Write out the entries exactly. None of the pictures should appear in the copy.
-------- Provided information
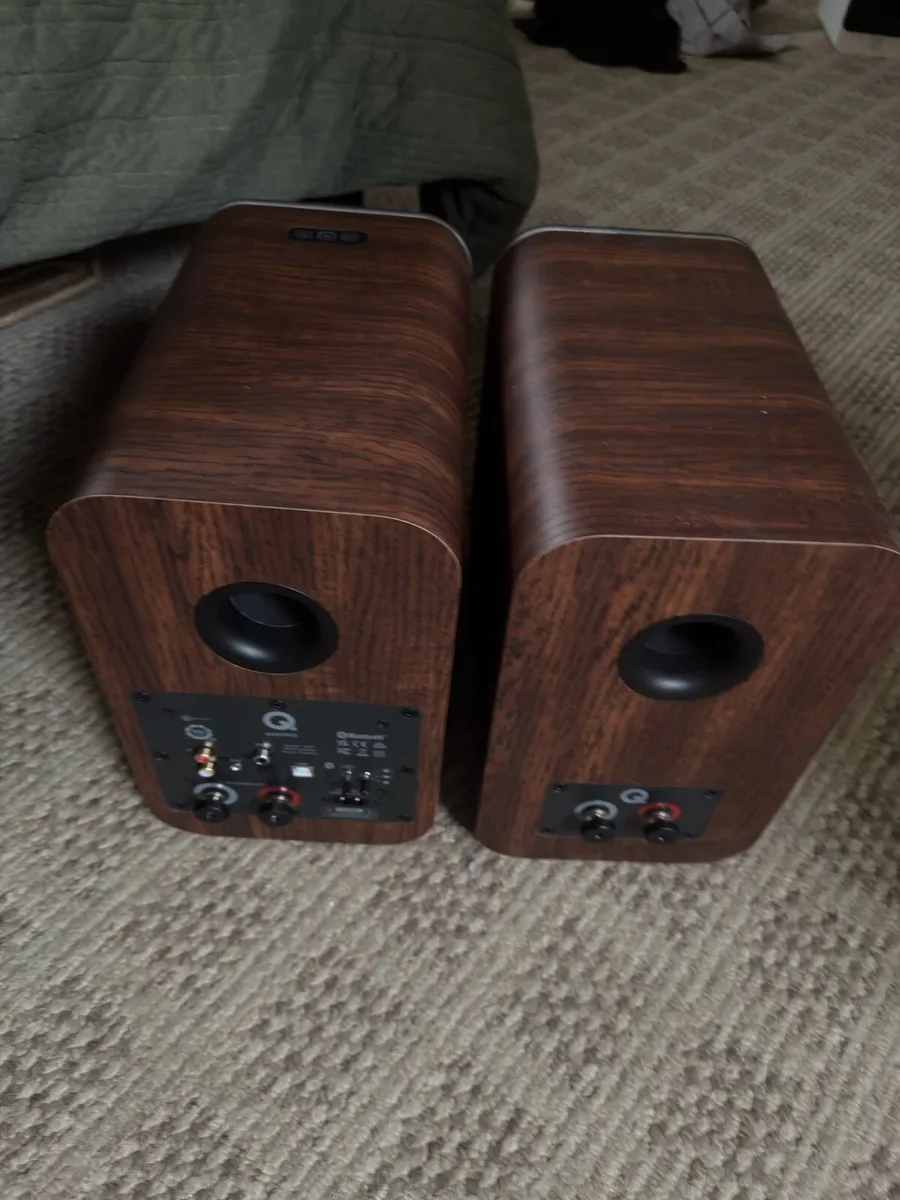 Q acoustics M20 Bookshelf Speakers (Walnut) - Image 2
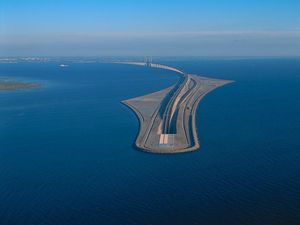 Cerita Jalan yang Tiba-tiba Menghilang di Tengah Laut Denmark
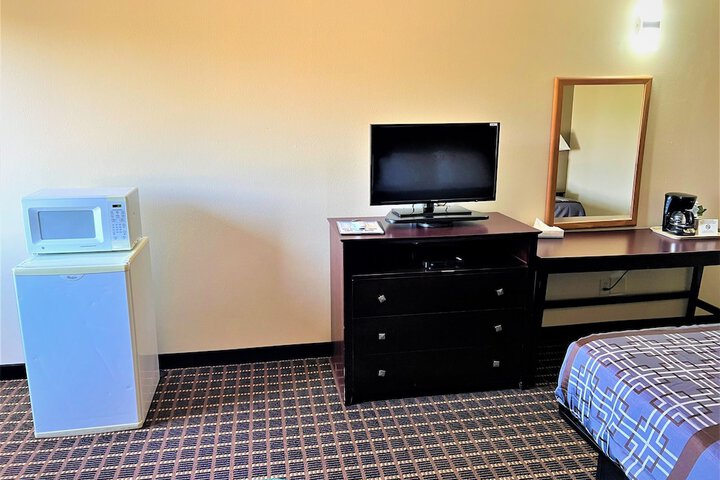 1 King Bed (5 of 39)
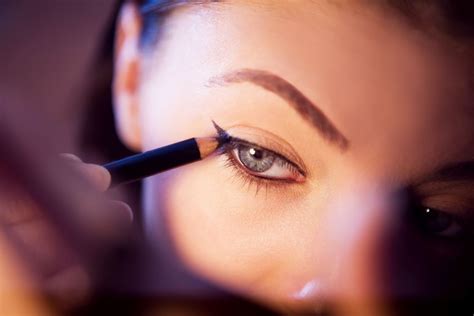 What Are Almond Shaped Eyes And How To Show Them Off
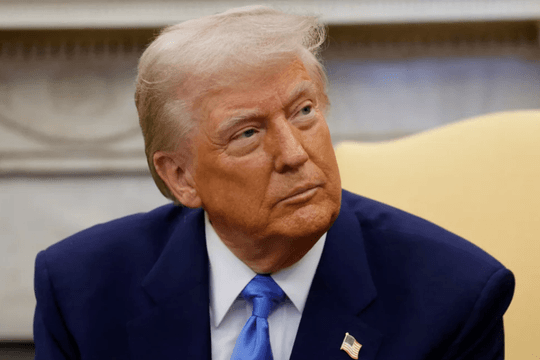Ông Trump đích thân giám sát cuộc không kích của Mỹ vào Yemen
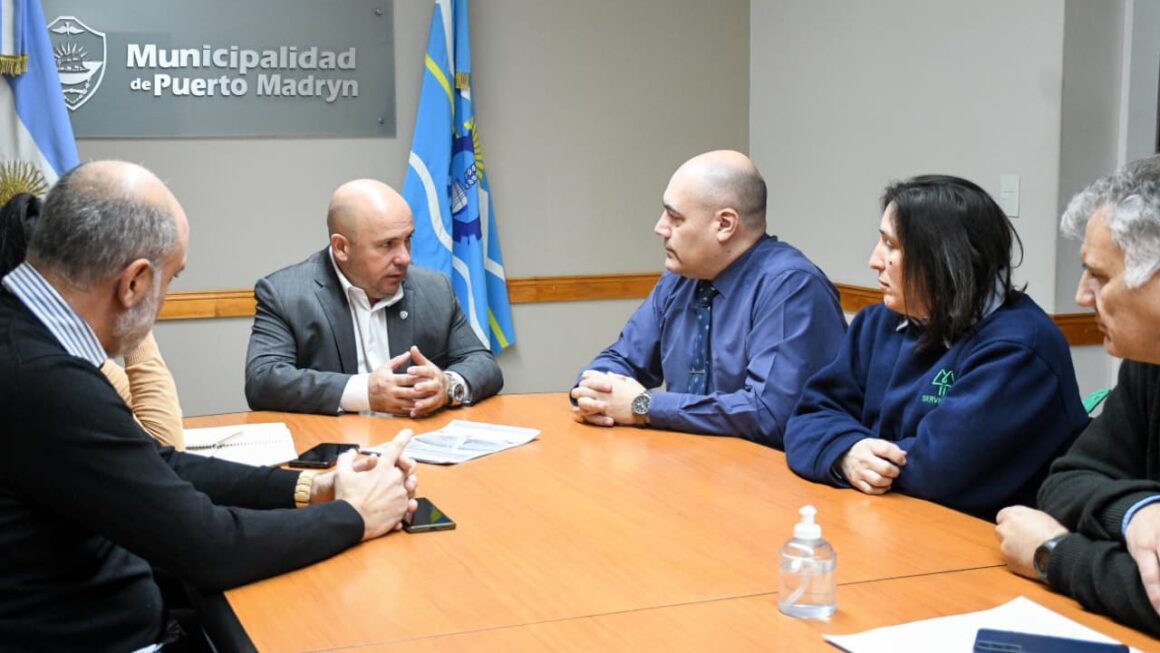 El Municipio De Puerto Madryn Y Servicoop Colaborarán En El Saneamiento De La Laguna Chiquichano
----------------
### Response to the task
 Q acoustics M20 Bookshelf Speakers (Walnut) - Image 2
 Cerita Jalan yang Tiba-tiba Menghilang di Tengah Laut Denmark
 1 King Bed (5 of 39)
 What Are Almond Shaped Eyes And How To Show Them Off
Ông Trump đích thân giám sát cuộc không kích của Mỹ vào Yemen
 El Municipio De Puerto Madryn Y Servicoop Colaborarán En El Saneamiento De La Laguna Chiquichano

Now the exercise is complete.